The off-season, and especially the cold darkness of a Northern Hemisphere winter, can be a trying time for people who get excited about new this and prototype that. Very few new product releases are worth writing about this time of the year, and there are no EWS events or World Cups where racers are employing one-off bikes and gear. Sure, you might not think new tech is all that interesting, but you'd be in the minority - World Cup tech coverage consistently pulls more views that the actual racing content, which goes to prove that there are a lot of dorks (my hand is up) out there.
Thankfully, there are some crumbs to pick up on social media channels during the winter, mainly Instagram. Have a look below at what Greg Minnaar has been posting on his personal Instagram account
, as well as Syndicate mechanic Jason Marsh
Greg Minnaar is in the United States to do some testing with Fox and Santa Cruz, and they're being pretty scientific about it all. He's using a Freelap timing system, and there's a data acquisition kit strapped to the South African's yellow and black V10 (it's also being used on other V10s at the same session) that appears to be evaluating the 40 on the front of the bike. They wouldn't be doing this unless there was something new to test, of course, although Mark Jordan, Fox's Global Marketing Manager, declined to specify whether it was related to the 40's damper or spring system, so your guess is as good as mine.
Can you spot anything else interesting on Minnaar's V10? The bike's lower VPP link is certainly not production - it's not anodized, and it has a single travel setting compared to the standard bike's two travel options. This piece is far from new, however, with the Syndicate boys using it all last season to, I suspect, increase the bike's progression for when guys like Bryceland pass on actually using a jump's landing. Transitions are for mere earthlings, it seems.
All neat stuff, but there are more interesting things in the back of that shuttle truck than wired-up V10s...

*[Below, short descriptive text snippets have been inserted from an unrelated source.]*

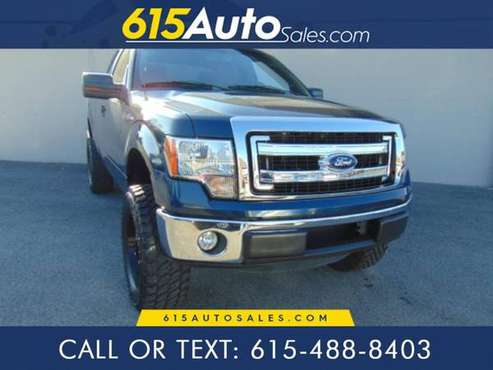 2013 Ford F-150 $0 DOWN? BAD CREDIT? WE FINANCE! for sale in Hendersonville, TN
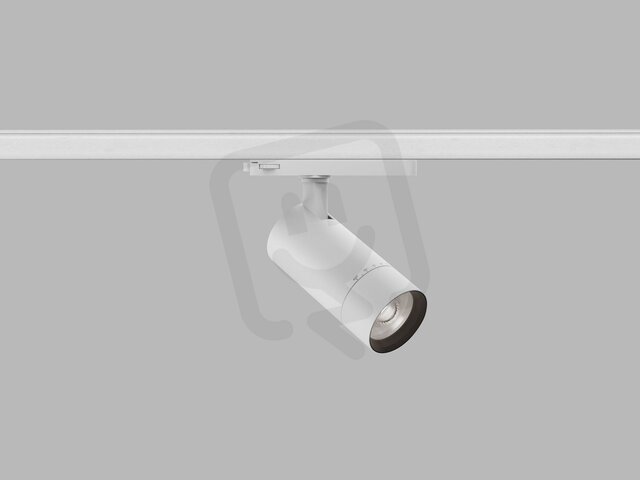 Lištové svítidlo LEON II M, W CASAMBI 20W 3000K bílá LED2 6095431CS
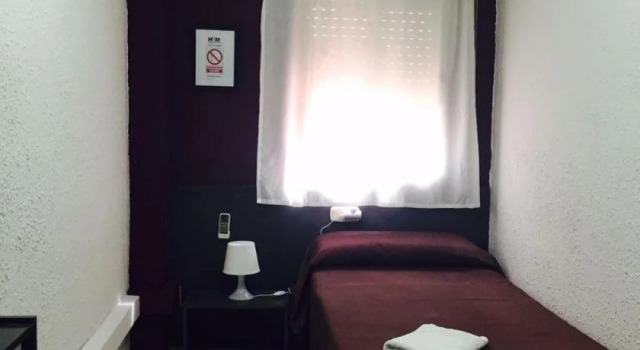 Hostal Avenida de Madrid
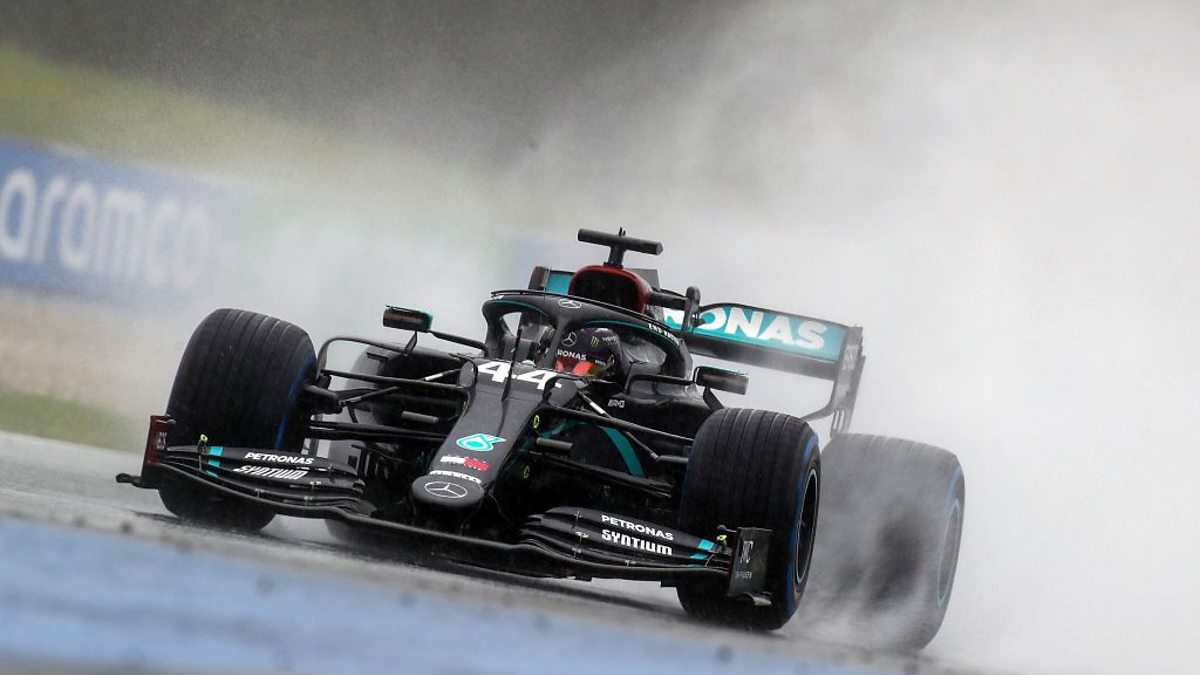 BBC Radio 5 live - F1: Chequered Flag, Styrian Grand Prix ...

Greg is also testing what appears to be a Hightower, although it's probably anything but off-the-shelf. The bike's front and rear triangles look stock, but that's likely where it ends as far as unmolested parts go. There's obviously a 40 on the front of the bike, with a 29'' wheel attached to it, and it has surely had its travel lowered from 200mm to 170mm or less. It also looks pretty badass with those black stanchion tubes, I have to admit.
While Minnaar's leg is blocking our view in the above photo, you can easily spot what looks to be a custom upper VPP link on the bike while it's in the back of the pickup truck. My guess, and that's all it is, is that the link ups Greg's Hightower from the stock 135mm of travel to at least 150mm, although it could be even more. I bet it also forgoes the ''High/Low'' geometry adjustment of the stock link while also compensating for the bike's increased travel. Who knows what else we can't see; offset shock bushing(s) and a headset that supplies increased reach or a slacker head angle wouldn't be out of line.
|Greg rode a Hightower at the last EWS race in Finale Ligure, Italy, and he was impressed with it, which brought up some what ifs. The guys are in California right now, so it's a good opportunity for us to throw some stuff at them for testing. We've done this with all of our bikes. - Don Palermini - North American Marketing Manager, Santa Cruz|
If true, all that would bring the modified Hightower into Bronson and Nomad territory, which seems off given that, well, Santa Cruz has the Bronson and Nomad. Ah, but both of those bikes roll on 27.5'' wheels, and Santa Cruz's biggest (stock) 29er is the 135mm-travel Hightower. But maybe not for much longer, it seems. Are we looking at the early testing days of a bike designed to compete with long-travel 29ers like Trek's 150mm Slash and Nukeproof's 150mm Mega 290? Or is Minnaar simply testing long-travel, big-wheeled bikes to have as an option for the 2017 race season? As PB member @Andy-FFM
suggested in the comment section, Minnaar may already be thinking of a down-sized race bike for the pedal-intensive 2017 World Champs tracks in Cairns, Australia, much like some racers used for the Pietermaritzburg course.